Who Likes Snail Mail?

  • The Silent Generation (born between 1925 and 1943) are the most likely to trust direct mail with more than four out of five (83%) people in that age group saying they trust what they rein the mail.
  • Millennials prefer to receive email over snail mail.
  • But there is evidence millennials trust printed information over digital information.
  • Political campaigns need to use multiple ways of reaching voters.

Closing Tips

Moderate Democrats who lost or almost lost did not campaign hard enough. If you are not door-knocking, if you are not on the internet, if your main points of reliance are TV and mail, then you are not running a campaign on all cylinders.

Democrats often talk down to people, rather than just talk to people. If you think people are not smart enough or educated enough to just understand what is good for them, you are probably talking down to people. This is alienating. Remember it is better to go on offense and be defensive

There was a lot of talk of supply chain problems leading to people not being able to get the gifts and provisions for the holidays. Packages are moving, gifts are being delivered, shelves are not empty and Democrats need to take credit for this.

Why we need to break the filibuster rule

The filibuster is a Senate rule that requires 60 votes (a super majority) for ‘most’ legislation to get a vote in the Senate.

We say ‘most’ because numerous exceptions to the filibuster already exist. Since 1969, 161 exceptions to the filibuster’s supermajority requirement have been created. Now civil rights advocates are asking for another exception to be created so critical voting rights legislation can pass the Senate.

What is the history of the filibuster?

The filibuster is not by design, it was actually a mistake. Like the House, the Senate used to only require a simple majority — or 51 votes. Then, in 1805, the Senate was doing a clean-up of its rule book and took out the simple majority rule because they thought it was redundant — effectively it went without saying, how else would a democratic body operate?

It took decades for obstructionists to realize the unintentional gift they’d been given and start exploiting it, often to the detriment of civil rights. The longest continuous filibuster debate in Senate history was about passing the 1964 Civil Rights Act1 to end racial discrimination in public accommodations. During the Reconstruction and post-Reconstruction eras, senators used the filibuster to block other major civil rights legislation, including measures to prohibit lynching and end poll taxes.2

What happens if we don’t reform the filibuster?

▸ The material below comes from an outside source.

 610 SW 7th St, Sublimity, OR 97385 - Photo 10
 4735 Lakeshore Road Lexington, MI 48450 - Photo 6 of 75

We’re facing another era of anti-democratic reforms. The last presidential election had the highest turnout in U.S. history, and Republican elected officials responded with a wave of new voting restrictions — 19 states passed 33 laws restricting voting laws in 2021 alone, including restrictions aimed at making voting more difficult. In Georgia, you can now be charged with a crime for handing out water or snacks to voters waiting in line at the polls, and in Texas election officials could face criminal prosecution if they encourage voters to request mail ballots or regulate poll watchers’ conduct.3

There is a bill in the Senate that could address some of these restrictions — the For the People Act (H.R. 1). But the filibuster is standing in the way of progress that people are demanding.